It’s a little harder for us…

Things you stop taking for granted when you have mental illness:

  • Sleeping through the night
  • Showering regularly
  • Getting out of bed
  • Getting dressed
  • Leaving the house
  • Going to parties
  • Finding joy in your own hobbies
  • Talking on the phone
  • Being able to make your own appointments
  • Feeling loved
  • Remembering to eat
  • Caring if you don’t
  • Being mildly annoyed instead of severely agitated
  • Smiling
  • Going an entire day without bursting into tears

There are so many more, but having the attention span to read long lists would be one of mine. I’m not saying that people should consciously appreciate the things that we can’t do and they can, but I wanted to just take a short moment to say, “Hey, we get that this comes easy to you, but it’s really hard for us, and no we’re not just saying that to get attention.”
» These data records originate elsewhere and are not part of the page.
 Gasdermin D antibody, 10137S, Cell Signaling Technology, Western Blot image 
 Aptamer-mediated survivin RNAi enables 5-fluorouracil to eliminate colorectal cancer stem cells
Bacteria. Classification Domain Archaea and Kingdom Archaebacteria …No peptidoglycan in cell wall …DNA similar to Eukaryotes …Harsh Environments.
What’s one thing you used to take for granted that you now have trouble with?

~Brutally Honest Eccentric~

7 thoughts on “It’s a little harder for us…”
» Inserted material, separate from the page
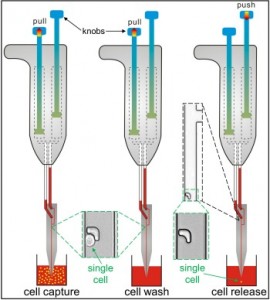 Dispensing single cells into commercial 96-well plates by hand-held single-cell pipet (hSCP). The insert demonstrates the process of single-cell capture and release. 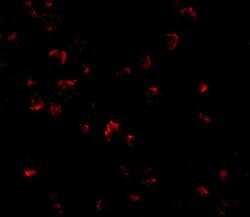 Invitrogen GRTP1 Polyclonal Antibody 100 &mu;g | Buy Online | Invitrogen&trade; | Fisher Scientific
  1. I would say talking to friends/getting out of the house. Nowadays, as my anxiety and depression has gotten worse, I find it a bit hard to initiate conversations with even my online friends, and even harder to get myself to go out. It’s not that I’m paralyzed or lazy, it’s just that there’s this…apathy now, that wasn’t as strong before. I can’t bring myself to care that staying at home makes me worse. And I feel like my friends get tired of dragging my broke ass along and paying for everything too. So I guess it’s also the “feeling loved” part too.

    Liked by 1 person

  2. I still struggle with hygiene. Especially my teeth and I know…people know to brush twice a day. But I tell myself to do so and I don’t at times. It’s weird cause I used to do it all the time when I was younger. I feel stupid sometimes cause of it. Like I need a board to chart this in order for me to ensure I do it EVERY day.

    Liked by 1 person

    1. A chart board isn’t too bad of an idea, actually. It would probably help me. I struggle with hygiene as well…add the shame/embarrassment that can cause and just ugh.

      Liked by 1 person

  3. I’ve held a part-time job for 6 months. I’m currently struggling but considering I’m still going, I know I’m having success and I need to recognize that. If I let myself crash from working, it usually takes at least a year for me to recover enough to hold down another job again. I know that I’m lucky to be stable enough to hold one at all, but I wish people could recognize just how much it takes for me just to do what I AM doing…it feels like it’s never enough.

    Liked by 1 person

  4. Reading. And it gets difficult in either state of mine.
    Though to make up for it my manic brain reads fuck as fast before it gets too bored to pay attention.